Optimization of HPCs using unsupervised methods
Leiden resolutions (i.e. γ = 0.4, 0.7, 1.0, 1.5, 2.5, and 3.0) were optimized using three unsupervised statistical tests: the Disruption score, Silhouette score, and Daves-Boundin index. Due to the potentially high variance in data from the different institutions in the TCGA, all three scores were weighted by the mean percentage of the institution presence in each cluster. We consistently identified the optimal Leiden resolution as 1.5 through the three aforementioned statistical tests (Supplementary Fig. 1a).
Optimization of HPCs and the prediction of OS using Cox regressions with L2 regularization
To identify optimal HPC configurations and their associations with patient OS, we trained L2 regularized Cox regressions for OS prediction using 5-fold CV. The Cox regressions were trained separately among standard-of-care colon cancer patients (i.e. TCGA-COAD) and among the AVANT-experimental group.
OS prediction in the standard-of-care group
Prediction of OS from HPCs among the standard-of-care group was trained within TCGA-COAD using 5-fold CV and tested in the independent AVANT control group. Specifically, for each CV fold within TCGA-COAD, we began by generating a range of Leiden clustering configurations at various resolutions, including γ values of 0.4, 0.7, 1.0, 1.5, 2.5, and 3.0, using the method described earlier. Next, at each Leiden resolution, we calculated the compositional representation of HPCs for each WSI (see Main Fig. 1c), followed by a center-log-ratio transformation (Eq. 2). This transformation was designed to mitigate inter-dependencies among HPCs, ensuring that the independence assumptions required for subsequent Cox regression analysis were met. The L2 regularized Cox regressions were then trained at the patient level, with one WSI per patient considered. At each Leiden resolution, we performed a multivariable L2 regularized Cox regression, incorporating all center-log-ratio-transformed HPCs specific to that resolution.
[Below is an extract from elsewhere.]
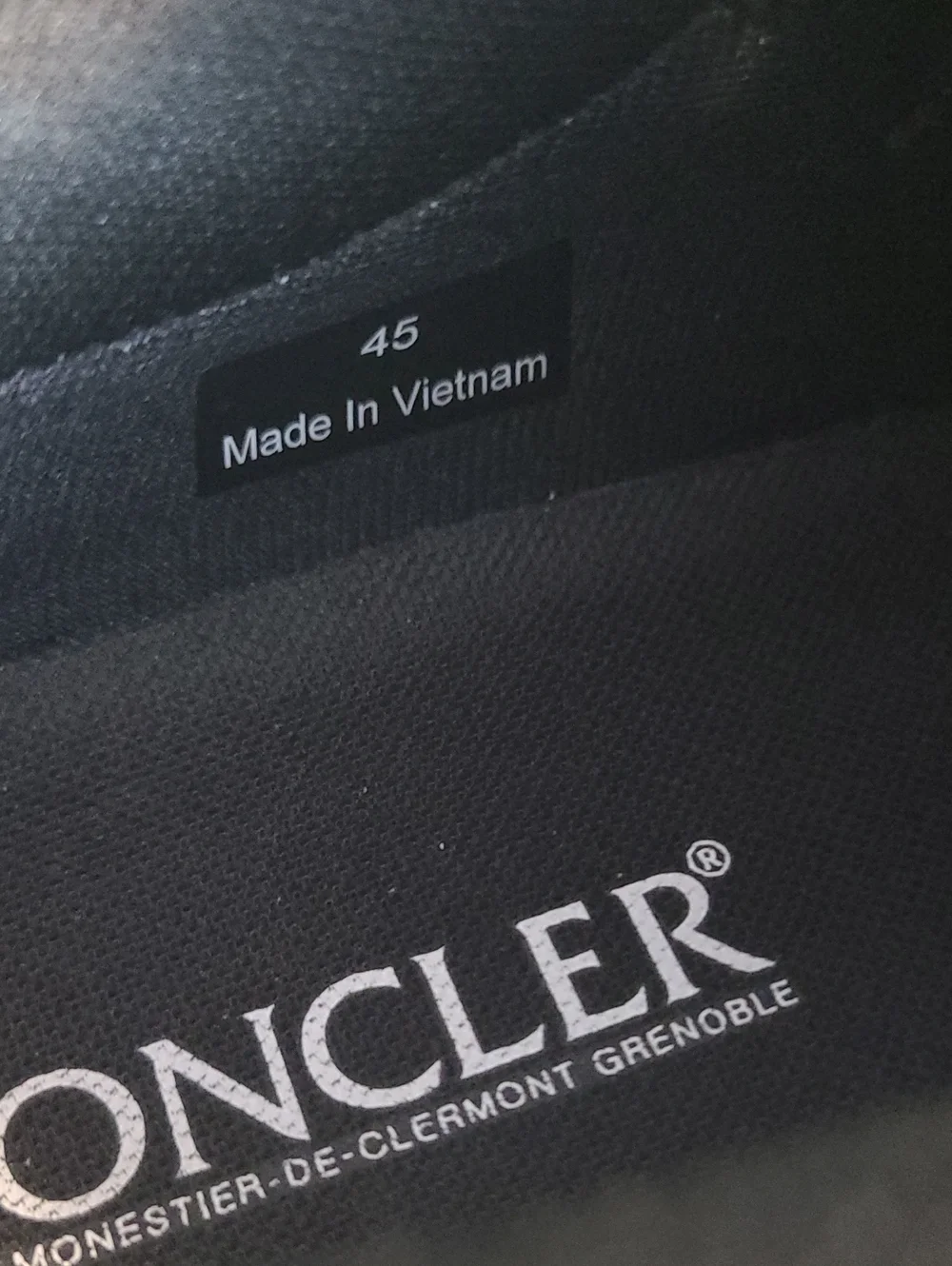 Moncler Trailgrip GTX Mens 12 / 45 - Picture 4 of 10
We finetuned L2 regularizer (alpha) through an iterative process involving 50 steps, spanning the alpha range from 10−4 to 104. This sequence of steps was repeated across all five cross-validation folds. The optimal Leiden resolution and L2 regularizer was selected based the CV C-index.
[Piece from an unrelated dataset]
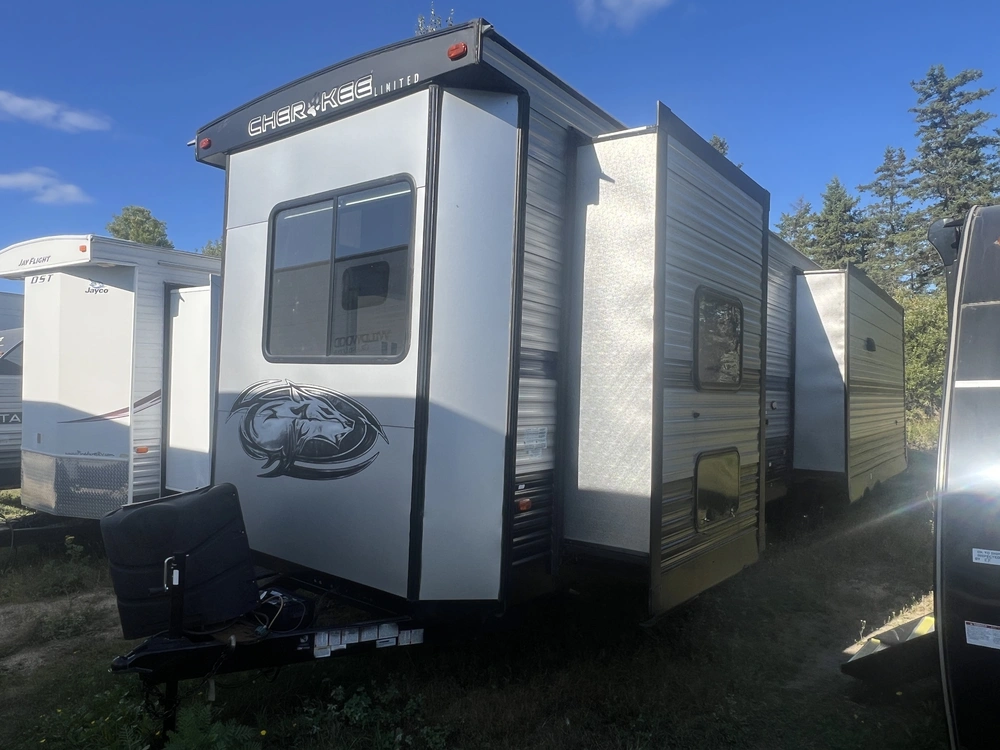 2020 Forest River Cherokee Limited 39 Rl alt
Through this optimization process, the optimal Leiden resolution was determined to be 1.5, and the L2 regularizer alpha was fixed at 0.1842. Of the note, this optimal Leiden resolution of 1.5 concurred with the result from the unsupervised approaches. An HPC-based classifier was determined by the median predicted hazard obtained in the TCGA-COAD. Once the Cox model is optimized, we evaluated the final model performance in the external test set consisting of the AVANT-standard care group. First, the 47 HPCs were integrated into the AVANT-standard care group by employing the K-nearest neighbors method (K = 250), where each AVANT tile’s HPC label was determined based on the majority votes from its nearest neighbors in the TCGA training set. Next, the trained Cox model, with optimized regularization and parameter estimates for the HPCs, was then applied to the AVANT-standard care group to test the prediction of OS (Supplementary Fig. 3b).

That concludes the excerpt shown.